Although the software tool I initially was working on was a basic script to help me create new Anki flashcards, I'm now working on a much larger-scale project to generate templated PDF flashcards that can be (eventually) professionally printed out. At the moment I do have a working script for the program, which can be found here, but I'm in the process of porting it over to Django. The current port allows you to generate flashcards via a simple endpoint by submitting a list of words and styles, placing the output PDFs and images used for the flashcards into S3 (AWS storage) automatically.

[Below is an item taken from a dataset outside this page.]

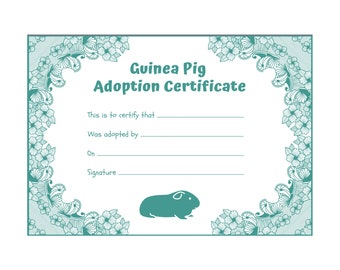 Certificat d'adoption de cochon d'Inde (bleu) - Imprimable immédiatement à télécharger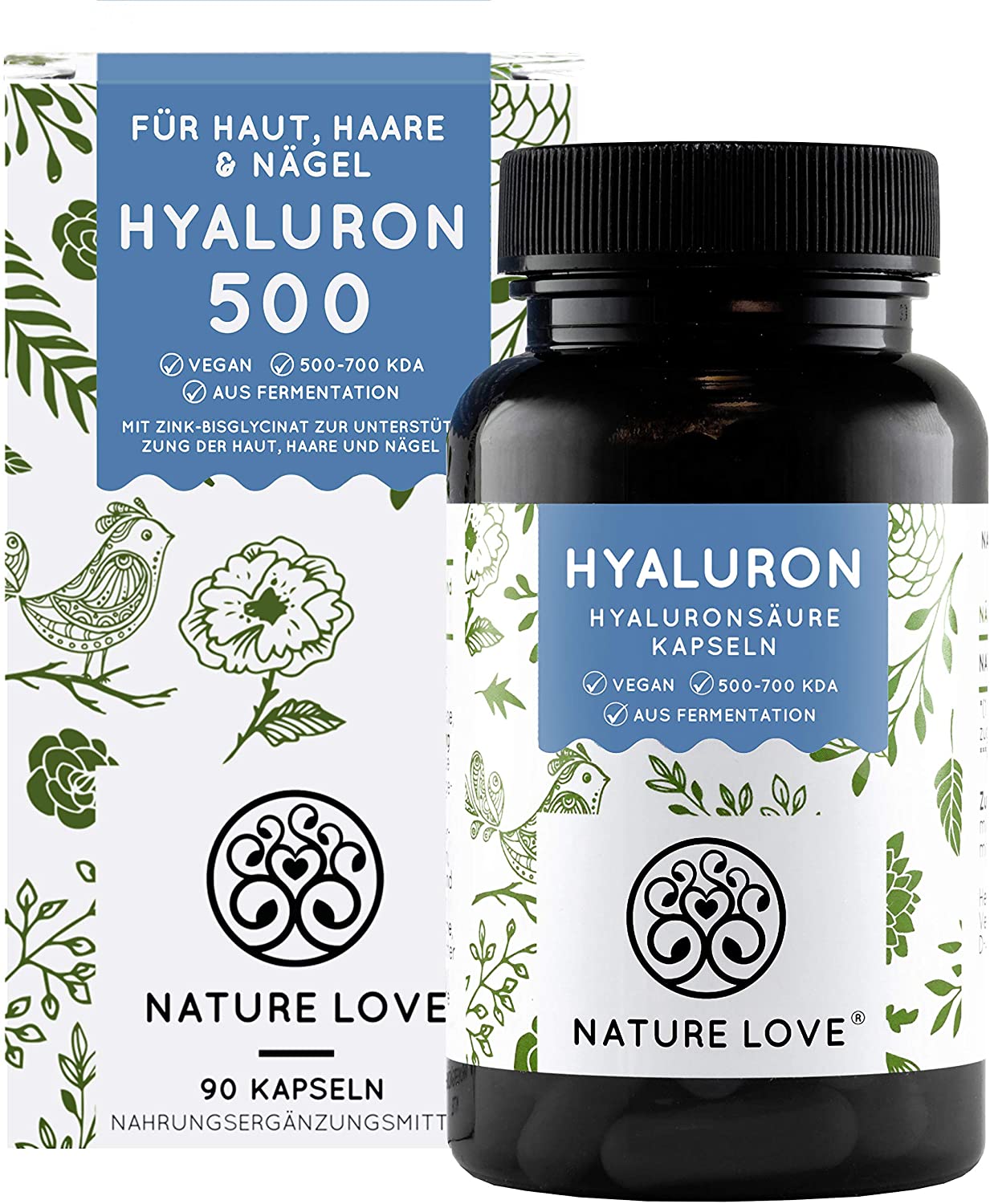 NATURE LOVE® Hyaluronsäure Kapseln mit Zink Hochdosiert mit 500mg Hyaluron Vegan 90 Stück NATURE LOVE® Hyaluronsäure Kapseln mit Zink Hochdosiert mit 500mg Hyaluron Vegan 90 Stück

While my API implementation enables concurrent flashcard generation server-side, but, as it turns out, flashcard generation is extremely IO-bound. It takes 20 seconds worth of waiting to gather all the needed resources for a given card, including AI-generated images and dictionary entries, no matter what. However, since most of that time is spent waiting, multiple cards can be generated on other threads at the same time. My goal is to be able to send a request to generate as many flashcards as you'd want and get back a task ID, which you could then use to get the generated flashcards later.
For this, I've been looking into using some sort of task queue system with workers, although I may just use threading and implement my own task ID model for my database. Part of what makes the flashcard generation annoying to distribute is that it can't run on lambdas serverless-ly because of the cold start of chromedriver. Since I'm using serelium to render the PDFs, it'd take a long time for a serverless function to set up to perform the render, as opposed to a dedicated server always having a chromedriver running.
The next step for this chapter of the project, after further refining the API, is to create an actual UI. My plan is to eventually integrate with Twilio so that you can text a phone number a word whenever you come across it in daily life, and then at the end of each month a deck of flashcards could automatically be generated, printed, and sent to you. Updates will be posted here as the project progresses.